Sunday 4th August
We reached the top, the dizzy height of 200m above sea level, I might have to start worrying about altitude sickness, garlic soup all round. Up until now we have been working our way up through the locks to the canals highest point – the pass of Naurouze – where the canals creator Pierre-Paul Riquets finest achievement was to build what was in 1666 the worlds largest reservoir to keep the canal supplied with water even at the end of summer. On Saturday night we moored up in a nice village called Gardouch (pictured above) which has a canalside restaurant (pictured left) where we managed to make a reservation and had an excellent dinner.
This was better than Friday night in Le Segala when we walked along to the only restaurant in the village to find they were full, they suggested another place two miles away so we got on the bikes and had a nice ride along a country road to find it was also full but they said if we waited an hour they could fit us in.

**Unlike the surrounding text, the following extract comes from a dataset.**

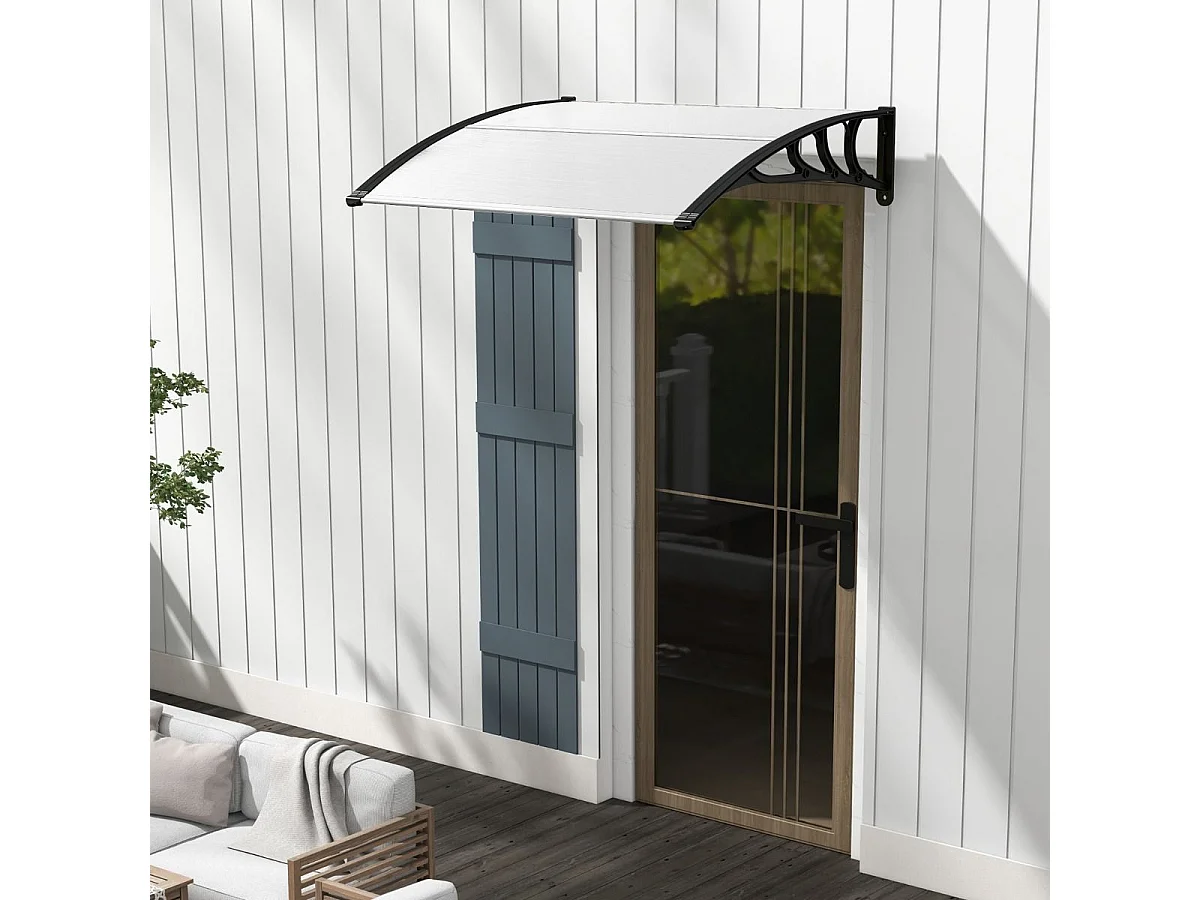 Auvent Porte d'Entree de 122 x 99 cm Protection Solaire, Marquise de Porte et Fenêtre Extérieur Plaque en Polycarbonate Protection Contre Pluie Neige Vent (Noir)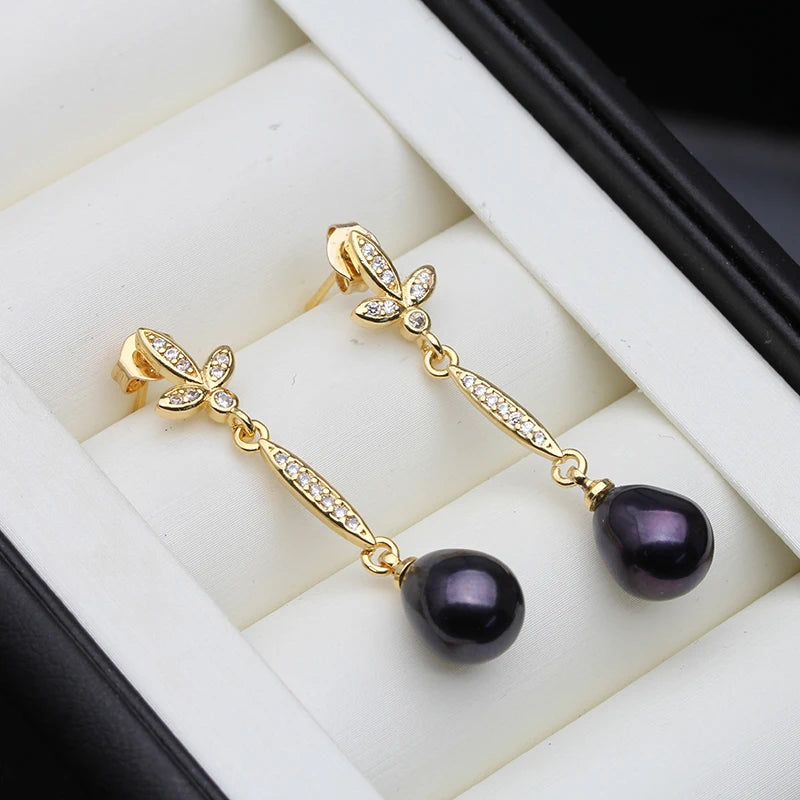 Genuine Freshwater Pearl Earring for Women,18k Gold Plated Pearl Drop Earrings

So we waited an hour and a half and had a very pretentious meal which was not as good as the Tuns. By the time we finished it was pitch black so the cycle back was quite exciting especially after consuming a couple of G&T's and a litre carafe of the local vino.
From now to Toulouse it is all down hill through 11 locks all of which have been automated. I have mentioned how surly most of the lock keepers are, well their days are numbered. The waterways company have started to automate all the locks starting from Toulouse and working their way east. The first automated lock we came across had no instructions and apparently the day before all the labels had been ripped off as well, I am not sure what the French equivalent of a Luddite is but it seems they have a few in the lock keepers ranks.
The automatic system performs in exactly the same way as a real lock keeper, it even stops at noon for an hours lunch! Perhaps the computer needs a byte to eat (sorry about that I could not resist it). Left shows our lunch stop waiting for the automated lock to also have it's break.
Picture above is of the contol panel, no security, anyone can come along and press the buttons, don't French teenagers have any imagination?
One surprize has been that almost nowhere offers WiFi. None of the bars or restaurants on route so it is only in the larger towns that we are able to update our blog and get emails. This update will almost certainly have been done when we arrived in Toulouse where we expect to stay a couple of days.